Construct an envelope function for the acceptance-rejection method

The acceptance-rejection method (sometimes called rejection sampling) is a method that enables you to generate a random sample from an arbitrary distribution by using only the probability density function (PDF). This is in contrast to the inverse CDF method, which uses the cumulative distribution function (CDF) to generate a random sample. For many distributions, the CDF does not have a formula and can be computed only by numerically integrating the PDF, which is an extremely expensive computation. By using the acceptance-rejection method instead, you can avoid the numerical integration.

Of course, nothing is free. For the acceptance-rejection method, each time you generate a potential random variate, you need to perform a test to see whether the variate should be accepted or rejected. If the acceptance rate is low, it can take a long time to generate a random sample.

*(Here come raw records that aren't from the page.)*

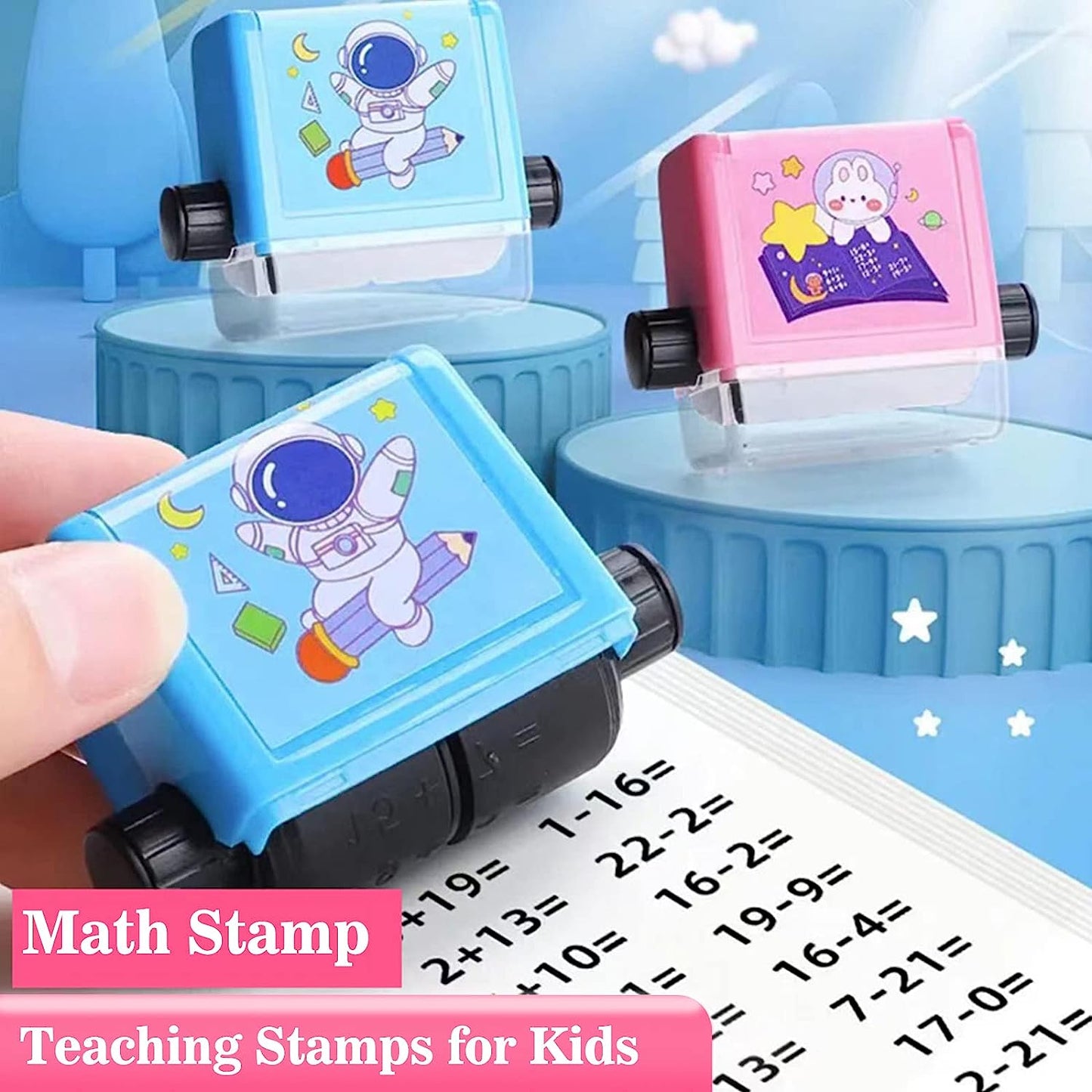 Teaching Stamps for Kids,Smart Math Roller Stamps,Refillable Ink Math Practice Stamp,Multiplication and Division Math Learning Roller Stamp Within100,For Preschool Kindergarten Classroom Supplies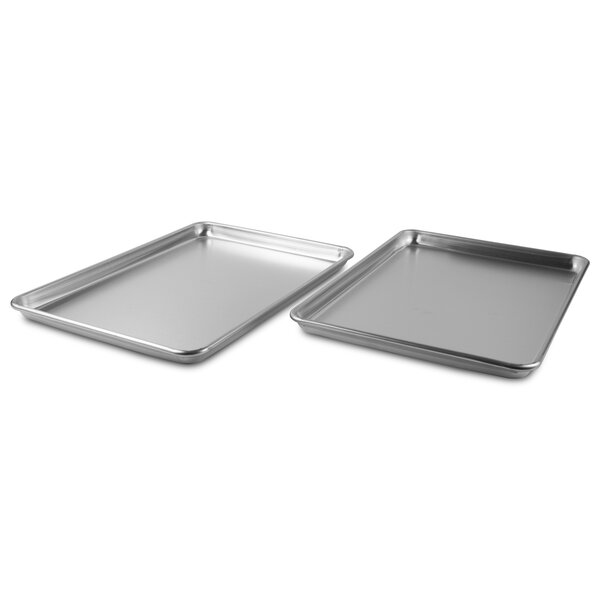 Anolon Pro Bake Bakeware Aluminized Steel Half Sheet Baking Pan Set,  2-Piece - Silver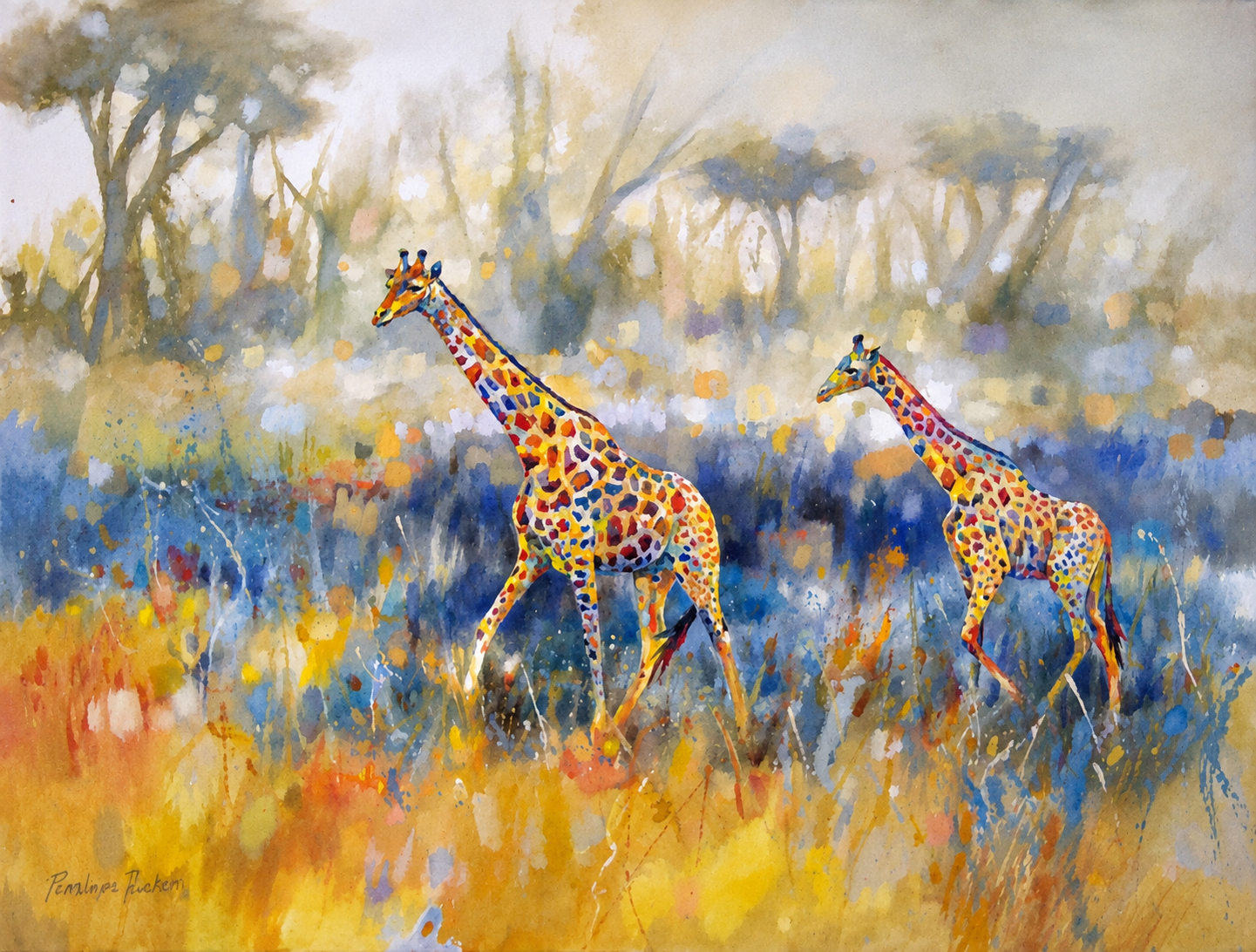 Penelope Hunter original acrylic painting on stretched canvas depicting two colourful giraffes walking through a blue and golden savanna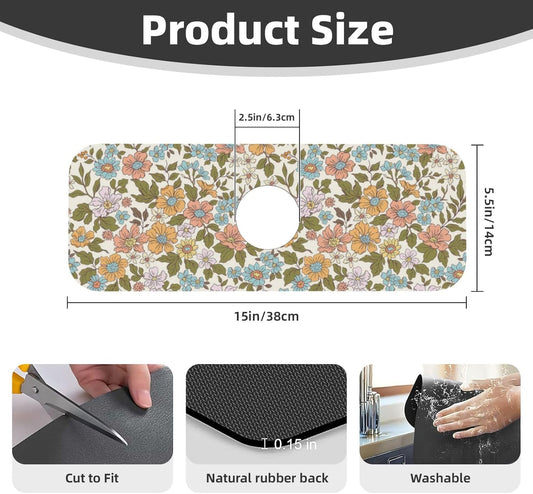 Faucet Draining Mat For Kitchen Sink, Colorful Flowers Floral Diatom Mud Absorbent Drain Pad For Bathroom Kitchen Sink Splash Guard Drying Mat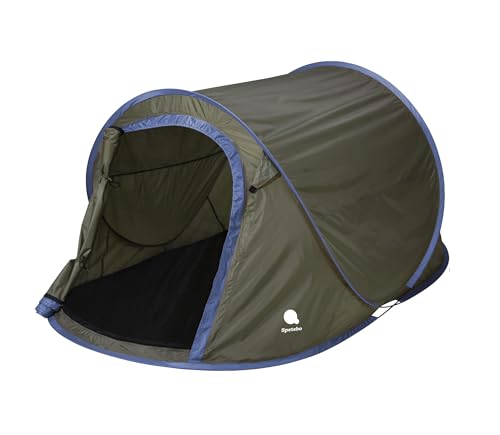 Spetebo Pop Up Wurfzelt grün 220 x 120 cm - 2 Personen - Sofortzelt für Trekking und Camping - Automatisches...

This article discusses how to use an acceptance-rejection method to generate a random sample from the Andrews distribution. After reviewing the efficiency of the simplest acceptance-rejection method, we improve the efficiency by constructing a nontrivial envelope function for the Andrews PDF. We show that well-chosen envelope function can greatly improve the efficiency of the acceptance-rejection method for simulating data from a distribution. The discussion includes a SAS program that illustrates the main ideas.

The simple acceptance-rejection method

Let's construct an example to demonstrate the acceptance-rejection method and to demonstrate why it can be inefficient. In a previous article, I constructed the PDF for a new distribution, which I called the Andrews distribution. The Andrews PDF is defined as f(x) = (1/S) sin(π x)/(π x) on the interval [-1, 1] and f(x) = 0 otherwise, where S=1.1789797. The CDF does not have a closed-form expression in terms of elementary functions, so let's use a simple acceptance-rejection algorithm to generate random samples. The simple algorithm is to generate a variate, x, uniformly at random on the interval [-1, 1], then accept x with probability f(x) / max(f), where max(f) = 1/S = 0.848 is the maximum value of the PDF, as shown by the following SAS DATA step implementation:

/* a simple acceptance-rejection algorithm that uses the horizontal line
   y = max(f) = 1/S = 0.848191 
   as an upper bound for generating random variates.
   The area of the bounding box is 2*(1/S), so the Pr(Accept) = S/2 = 0.5895.
*/
%let N = 10000;
data RandAndrews1;
S = 1.1789797;
call streaminit(1234);
pi = constant('pi');
maxf = 1 / S;                       /* max(f) */
numRand = 0;                        /* numRand = number of potential variates */
i = 0;                              /* i = number of accepted variates */
do while(i < &N);
   x = rand('Uniform', -1, 1);      /* potential variate x ~ U(-1,1) */
   numRand = numRand + 1;
   if x=0 then f = 1/S;             /* evaluate f(x) */
   else f = sin(pi*x) / (pi*x) / S;
   y = rand('Uniform', 0, maxf);    /* y ~ U(0,max(f)) */
   if y < f then do;                /* accept x with probability f(x) / max(f) */
      i = i + 1;                    /* x is accepted; increment counter */
      output;
   end;
end;
keep x i numRand;
call symputx('AcceptFrac', round(&N / numRand, 0.0001));
run;
 
title "Random Sample from Andrews Distribution";
title2 "Acceptance Rate = &AcceptFrac";
proc sgplot data=RandAndrews1;
   histogram x / scale=Percent;
   yaxis grid;
run;

The output shows 10,000 random draws from the Andrews distribution.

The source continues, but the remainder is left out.